Digital humanities is making data into knowledge (x), removing the high academic barrier of entry, and allowing interested parties to interact and contribute to information that is freely available on the Internet.

It is the first part of the definition that I find interesting and would like to engage today — making data into knowledge.

The New York Public Library (NYPL) has embarked on an ambitious project since 1999 to digitise all their resources to make it more accessible to the public. Digitisation not only makes it freely available, it also allows researchers to manipulate the data and categorise it according to its different characteristics. To put it loosely, it is how social media tagging system works, you can include multiple hashtags into one content for archiving/searching purpose.
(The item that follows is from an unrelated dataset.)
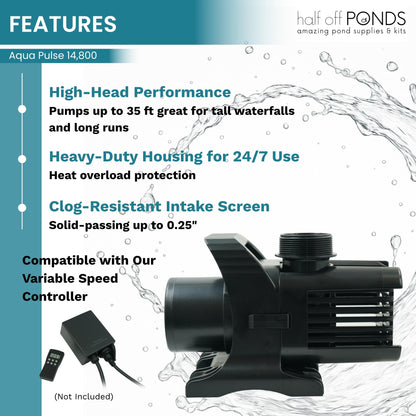 HALF OFF PONDS Submersible Water Pump, 14,800 GPH Pond Pump with 33FT Power Cord and 35.5FT Max Head, 1,100W Ultra Quiet Energy Efficient Pump for Koi Pond, Fountain, Waterfall, Water Garden, Skimmer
DH considers content the data to be ordered, accessed, and analyzed by the system, striving to create the best containers to shape the content. Whereas the book had chapters, indices, tables, sections, etc., the digital medium is much more diverse in its capabilities for building knowledge. These digital objects are oriented toward action, where the paper paradigm made the content fit the container (the book), the digital make the best container for the content. (x)

This is best illustrated in archiving/data visualisation purpose, the data’s multiple facets means researchers can engage with them on multiple levels, tweaking and manipulating data to uncover insights. The example I would like to highlight today is one by NYPL, http://publicdomain.nypl.org/pd-visualization/.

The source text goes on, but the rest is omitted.